The moment of truth precedes this by seconds: “They put up my picture with silence cuz my identity by itself causes violence.” The cops don’t need just cause, much less anthems; they’re the militarized edge of white supremacy, after all. Against this, the song’s antagonistic spirit registers both bravado and slyness, a rip in the fabric of the dark blue night. It was a chance to roll around Los Angeles shouting “Fuck the police!” at volume and maybe get away with it. Three years later, the beating of Rodney King. A year after that, the verdict. And the riots.
In 2009, the year Baton Rouge rapper Lil Boosie was sentenced to jail, where he would spend time through 2014, he included a song with roughly the same title on a mixtape. In the interval, there had been no shortage of like offerings. Boosie’s “Fuck the Police,” featuring Webbie, is grim, sinister. It’s a conversation, mostly about the endless threats, humiliations and violations experienced at the hands of various cops. The chorus is roll call and response: “Cities, fuck ‘em! Narcotics, fuck ‘em! Feds, fuck ‘em! DAs, fuck ‘em!” It comes to a familiar conclusion, in familiarly uncivil language: “Without that badge, you a bitch and a half, nigga. Fuck the police!” The song is not defeated. But it is flattened, coiled, darkness audible: the steady-state sonics of a permanent disaster that has befallen a people.

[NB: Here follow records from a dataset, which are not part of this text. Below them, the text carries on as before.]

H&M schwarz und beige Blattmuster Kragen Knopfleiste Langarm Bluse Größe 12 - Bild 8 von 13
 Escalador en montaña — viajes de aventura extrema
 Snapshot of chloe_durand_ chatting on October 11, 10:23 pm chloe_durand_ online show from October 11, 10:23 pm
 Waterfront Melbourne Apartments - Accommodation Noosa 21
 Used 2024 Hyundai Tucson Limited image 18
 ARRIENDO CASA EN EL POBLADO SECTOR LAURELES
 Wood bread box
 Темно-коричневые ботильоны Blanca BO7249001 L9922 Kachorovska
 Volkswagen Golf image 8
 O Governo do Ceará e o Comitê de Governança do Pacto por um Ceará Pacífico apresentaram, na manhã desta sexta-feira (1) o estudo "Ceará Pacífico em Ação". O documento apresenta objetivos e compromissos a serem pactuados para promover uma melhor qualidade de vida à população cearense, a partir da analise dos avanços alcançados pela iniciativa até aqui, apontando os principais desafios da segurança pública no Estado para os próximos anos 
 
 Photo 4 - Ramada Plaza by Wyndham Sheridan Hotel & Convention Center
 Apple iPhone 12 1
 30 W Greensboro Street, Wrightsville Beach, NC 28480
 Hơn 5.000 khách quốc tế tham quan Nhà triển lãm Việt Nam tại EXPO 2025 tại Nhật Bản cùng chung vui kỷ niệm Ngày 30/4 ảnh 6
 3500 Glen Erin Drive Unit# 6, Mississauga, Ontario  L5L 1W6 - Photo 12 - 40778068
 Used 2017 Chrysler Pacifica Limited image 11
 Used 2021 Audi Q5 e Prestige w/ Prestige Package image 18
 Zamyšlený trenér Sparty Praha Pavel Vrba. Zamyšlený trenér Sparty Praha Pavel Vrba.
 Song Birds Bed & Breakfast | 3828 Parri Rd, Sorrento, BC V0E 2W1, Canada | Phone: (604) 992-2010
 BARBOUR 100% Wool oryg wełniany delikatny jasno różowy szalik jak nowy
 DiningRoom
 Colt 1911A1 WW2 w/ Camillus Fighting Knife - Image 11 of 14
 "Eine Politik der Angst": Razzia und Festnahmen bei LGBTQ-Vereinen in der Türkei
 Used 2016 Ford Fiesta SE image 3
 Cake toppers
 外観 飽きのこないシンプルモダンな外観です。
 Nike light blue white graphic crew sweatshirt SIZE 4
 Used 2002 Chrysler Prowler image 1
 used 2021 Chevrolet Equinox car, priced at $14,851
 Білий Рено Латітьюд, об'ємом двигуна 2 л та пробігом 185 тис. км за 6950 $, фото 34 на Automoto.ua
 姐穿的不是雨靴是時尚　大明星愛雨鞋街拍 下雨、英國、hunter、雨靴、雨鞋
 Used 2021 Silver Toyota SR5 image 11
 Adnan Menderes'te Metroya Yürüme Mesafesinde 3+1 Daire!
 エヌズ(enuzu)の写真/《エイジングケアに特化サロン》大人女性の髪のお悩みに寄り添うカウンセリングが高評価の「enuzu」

There has been no dearth of complaints that contemporary struggles have not been met with anything like the vaunted protest music of the past. Tracks by Lauryn Hill and others notwithstanding, the complaint has been repackaged lately to note that Ferguson has yet to yield its “Ohio,” written just a couple of weeks after the Kent State shootings. Perhaps this is a sign of pop culture’s increasing fracture from lived politics. Or perhaps some songs have already been written. Sometimes, culture uses whatever it finds lying around. It is precisely the lack of novelty that underscores Michael Brown’s murder by Darren Wilson; how are you going to say you need something new? What better than “Fuck the Police” to narrate this nightmare repetition? It seems right, doubly right, no matter the times. The song’s atmospherics capture the long wave of anti-black repression, criminalization, harassment, now more than ever entangled with an economy heavy on sticks, light on carrots. And it gets the mysterious suspension of the present moment: an era seeming to have ended six or seven years ago with nothing new on the horizon, just this paused and hollow persistence. We are in a grim, unmoored moment, and it sounds like Boosie.